Handel i bezpieczeństwo mają być głównymi tematami spotkania nowej premier Japonii Sanae Takaichi z prezydentem USA Donaldem Trumpem. Rozmowa polityków planowana jest w przyszłym tygodniu w Tokio.
Według informacji agencji Kiodo japoński rząd ma zwiększyć zakupy amerykańskich towarów, co było warunkiem obniżenia ceł przez amerykańską administrację. Kością niezgody pozostaje jednak kwestia wydatków na obronność i zwiększenia skali współfinansowania obecności amerykańskich baz.
Poprzednik Sanae Takaichi, premier Shigeru Ishiba, zgodził się zainwestować w USA nawet pół miliarda dolarów. Nowy rząd nie będzie tak szczodry, choć zwiększyć się ma skala japońskich zakupów amerykańskiej soi, gazu oraz pick-upów. Rządowi Ishiby zależało bowiem za zmniejszeniu ceł głównie na japońskie auta.
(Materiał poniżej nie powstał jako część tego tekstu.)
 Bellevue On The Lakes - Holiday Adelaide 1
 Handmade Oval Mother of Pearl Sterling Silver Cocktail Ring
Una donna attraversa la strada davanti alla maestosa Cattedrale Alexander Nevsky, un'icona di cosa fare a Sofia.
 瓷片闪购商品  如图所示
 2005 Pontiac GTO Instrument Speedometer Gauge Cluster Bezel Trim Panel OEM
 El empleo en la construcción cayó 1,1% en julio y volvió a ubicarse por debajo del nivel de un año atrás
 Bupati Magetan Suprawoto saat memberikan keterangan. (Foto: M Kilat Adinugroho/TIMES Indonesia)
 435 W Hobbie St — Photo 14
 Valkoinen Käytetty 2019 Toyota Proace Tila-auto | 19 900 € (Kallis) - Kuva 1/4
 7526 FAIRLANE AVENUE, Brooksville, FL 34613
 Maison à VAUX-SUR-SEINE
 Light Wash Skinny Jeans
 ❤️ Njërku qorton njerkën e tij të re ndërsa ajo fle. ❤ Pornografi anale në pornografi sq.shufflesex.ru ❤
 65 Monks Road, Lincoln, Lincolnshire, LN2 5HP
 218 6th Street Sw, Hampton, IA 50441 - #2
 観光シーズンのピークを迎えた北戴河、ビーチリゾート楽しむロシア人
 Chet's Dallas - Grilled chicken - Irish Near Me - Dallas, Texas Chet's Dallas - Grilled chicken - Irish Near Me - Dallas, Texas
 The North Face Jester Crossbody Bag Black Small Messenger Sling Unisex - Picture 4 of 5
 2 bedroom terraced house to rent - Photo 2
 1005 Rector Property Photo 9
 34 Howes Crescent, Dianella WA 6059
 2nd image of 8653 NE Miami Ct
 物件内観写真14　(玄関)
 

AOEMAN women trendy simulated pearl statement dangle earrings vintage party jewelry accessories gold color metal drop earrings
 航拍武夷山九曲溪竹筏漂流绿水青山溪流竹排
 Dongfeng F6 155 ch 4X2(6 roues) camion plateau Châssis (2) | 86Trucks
Sanae Takaichi – pierwsza w historii Japonii kobieta kierująca rządem – potwierdziła, że sojusz z USA jest “kamieniem węgielnym” japońskiej polityki zagranicznej i bezpieczeństwa. Sanae Takaichi przeciwna jest jednak zwiększeniu japońskiego budżetu na obronę, czego od sojuszników USA oczekuje prezydent Donald Trump. Zapowiedziała, że jej rząd będzie realizować postanowienia umowy handlowej ze Stanami Zjednoczonymi zawartej przez jej poprzednika.
Prezydent USA odwiedzi Tokio na początku przyszłego tygodnia. Japonia to część azjatyckiego tournée Donalda Trumpa, który rozpocznie je od spotkań w Malezji. W Korei Południowej weźmie udział w szczycie APEC, podczas którego planowane są rozmowy twarzą w twarz z prezydentem Chin.